Lander, WY – New for the Fall 2020 semester, Wyoming Catholic College is now offering tutoring for three more subjects in addition to long-standing tutoring in Math and Latin offered by paid, primarily upperclassmen students who did particularly well in the courses they are now assisting other students in. Somewhat unexpected, given that most students don’t typically think of these subjects as all that difficult, three new tutors were hired this year to assist with Gymnopoetics, freshman Field Science, and the Experiential Leadership Program’s classroom component.
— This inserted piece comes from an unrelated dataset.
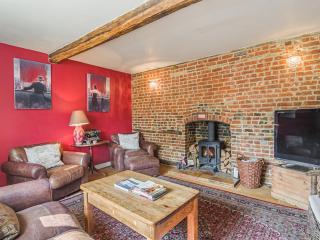 Swan House - 0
School officials note that the perceived relative ease of these classes as opposed to others makes adding tutors for these subjects somewhat surprising, but “they’re actually the classes that students fail the most since they don’t take them seriously enough” Student Life Office official Mary Detsegah told IIT. “Practically speaking they’re actually harder for students on average to pass than Math 202, Science 301, or any of those other so called ‘terror courses’.”
Its the hope of WCC administration officials that having tutors for these classes will by a sort of reverse psychology make students more scared of them and more likely to take them seriously, but the tutors “will actually serve a teaching purpose” Detsegah adds. “Teaching students how to find the Suzankas house for the Gymnopoetics movie night, how to draw their name in cursive, or draw a plant properly are all important skills necessary for a great education and becoming a fully formed human being. We’re excited to have tutors now to help ensure that every student is able to do all of these things and do them all well.”
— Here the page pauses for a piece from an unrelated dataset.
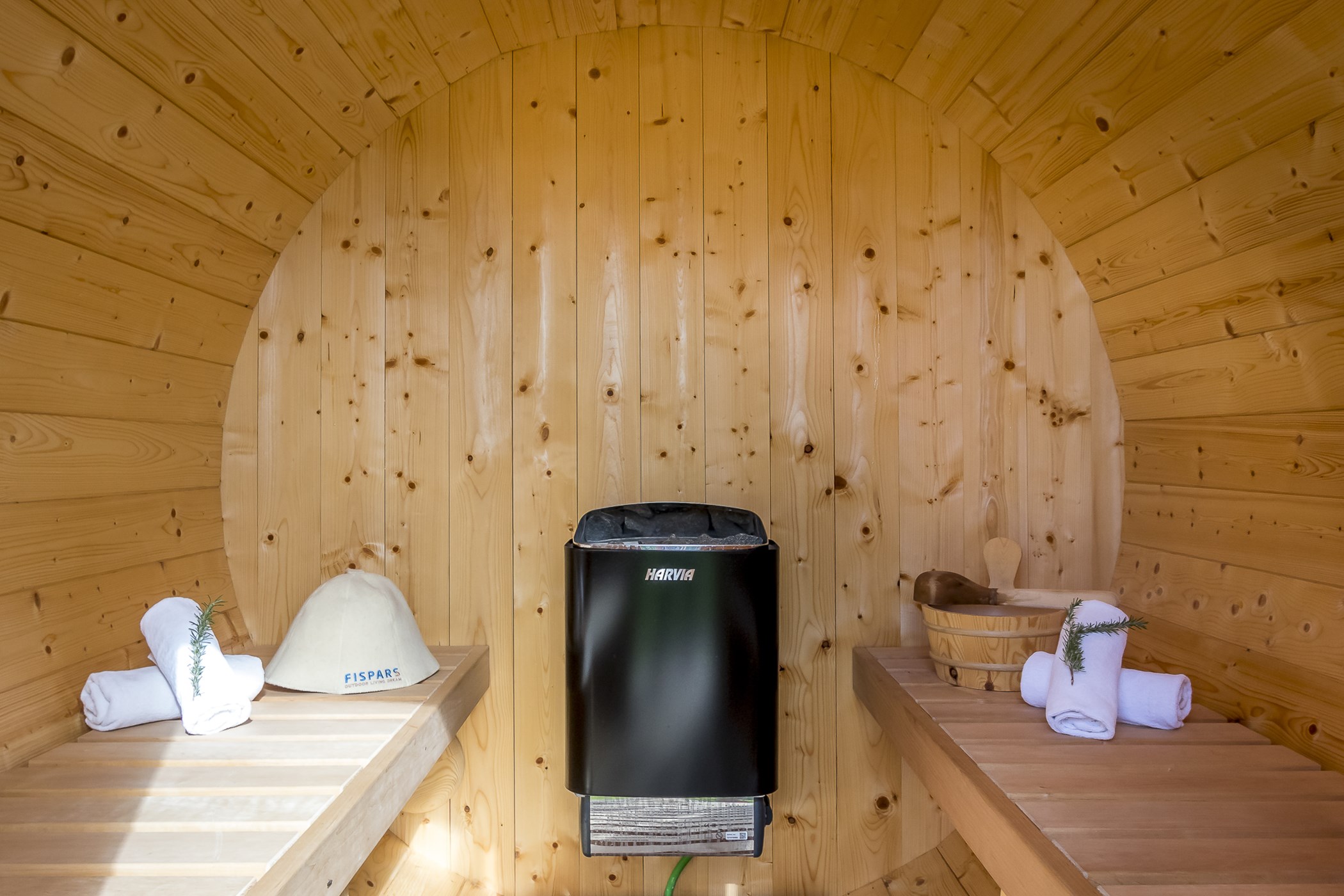 Villa Magnifique - Thumbnail 15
“And even with absolutely massive improvements to ELP this year since people always laugh at the mere mention of the word its pretty much a no-brainer that a tutor be added for that course to make it be taken more seriously until that reputation wears away,” says WCC Executive Vice President Saul H. Ciwoknot.
Names have not yet been given by the school of who exactly these tutors will be but “should come by the middle of next week, by which time also the tutors will post their hours” Mary adds.
Tutoring is also under consideration for Music, Horsemanship, Winter Trip prep, and Work-Study according to an IIT source in close contact with WCC administration officials should this “test run” succeed.
College Junior (and prefect) Matt Kubisch is apparently unaffected by the announcement, however, as he, the same as last year, is still chanting “We want tutors, Yes We Do” in the hallways. “Because of him, the school’s also looking into How to Be A Prefect tutoring,” our source adds.